Deutsche Bank recently launched a new custody business in Cayman, enabling it to offer a service locally that the Cayman office had historically referred to other Deutsche Bank offshore locations.
“Although this worked for a specific segment of our client base, this also led to some time zone complications and forced us to utilise additional booking centres. The addition of custody and safekeeping to our local product range, therefore, enables us to deliver a much more streamlined and holistic offering to our clientele,” said Dan Peterson, director, Financial Intermediaries, Deutsche Bank Cayman.
Peterson, who joined Deutsche Bank Cayman in 2008, was promoted to director earlier this year. During his tenure at Deutsche Bank Cayman, Peterson has coordinated launches of several new services, including the foreign exchange desk and custody platform.
“The addition of this service also allows us to complement many existing products within the Bank’s range, including cash management services and our foreign exchange desk that launched in Cayman in 2009. Deutsche Bank is committed to the Cayman Islands, so launching this service also fits in well with our overall Caribbean strategy and is an ideal addition for the institutional component of our client base,” he said.

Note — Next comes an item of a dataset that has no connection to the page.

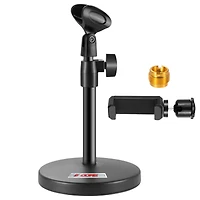 5 Core 3n1 Mic Stand Desk Adjustable Table Microphone Stands w Phone Holder Mic Clip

Peterson said challenges facing banks globally, including the poor economic climate and new US government regulations, has spurred Deutsche Bank to be flexible in its strategy of offerings.

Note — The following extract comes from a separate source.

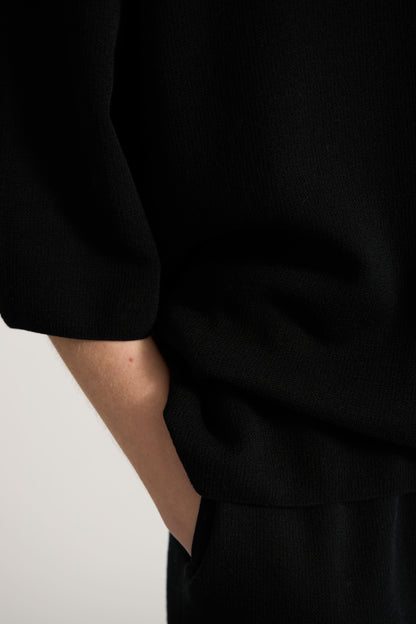 Closeup of a black top sleeve detail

“At the moment, major banks are still experiencing two things: margin compression and the impact of regulatory reform. Combined, these two issues have created an environment where many of our competitors have been forced to dilute their service offering in offshore jurisdictions. As a result, we felt that there was an opportunity for an organisation like Deutsche Bank to add a good deal of value in the marketplace,” he said.
Peterson said, “The Foreign Account Tax Compliance Act is the 800-pound gorilla in the room. In order to remain compliant, FATCA regulations will require banks outside of the US to grapple with not only new operational challenges but also added costs associated with meeting these challenges. For many banks the combination of tougher regulatory control, added operational stress and crushing cost-to-income ratios means that many banks will simply have to withdraw certain services and products.
“However, opportunities exist for banks that can successfully adjust their operating models. Whilst the banking industry as a whole is experiencing tectonic shifts in the way it is expected to do business, those banks that have remained alert, have a commitment to innovation and have already begun to adapt to the new ecosystem are now in the best position to pick up market share at the expense of those who cannot. Our new Cayman custody business is an example of how Deutsche Bank has, on both a global and a local level, remained sensitive to the new economic environment and able to react appropriately in terms of tailoring the services it provides,” he said.
Peterson said, “Within the Caribbean, this new service allows us to make a tactical expansion of our range of products for financial intermediaries in particular. Most financial intermediaries – fund administrators, trust companies, family offices, law firms, accounting firms – demand a strong service provider with global capability, so a locally available custody service backed by a global banking organisation is, we are finding, an attractive proposition for them.”
He said the new custody business gives clients of the Cayman office a genuine range of support for core custody services. “For example, through the Deutsche Bank global network, we are now able to provide clients with securities settlement in more than 100 markets. In addition, the prerequisite in today’s markets for asset owners and managers is the capability to offer comprehensive reporting tools, which must work in concert with their custody and safekeeping services – something that is integral to our new custody business.”
Peterson said the new service will offer clients local capabilities, as well reach into markets like Singapore, Sao Paulo and Mumbai. “We are confident that this new custody business is an area that can really grow over the coming years and, looking forward, has the potential to help our clients grow simultaneously. The Cayman financial intermediaries we service employ many local people and their businesses contribute a significant amount to the overall local economy. By supporting them as best we can, by providing the services they require such as custody, local financial intermediaries can also prosper,” he said.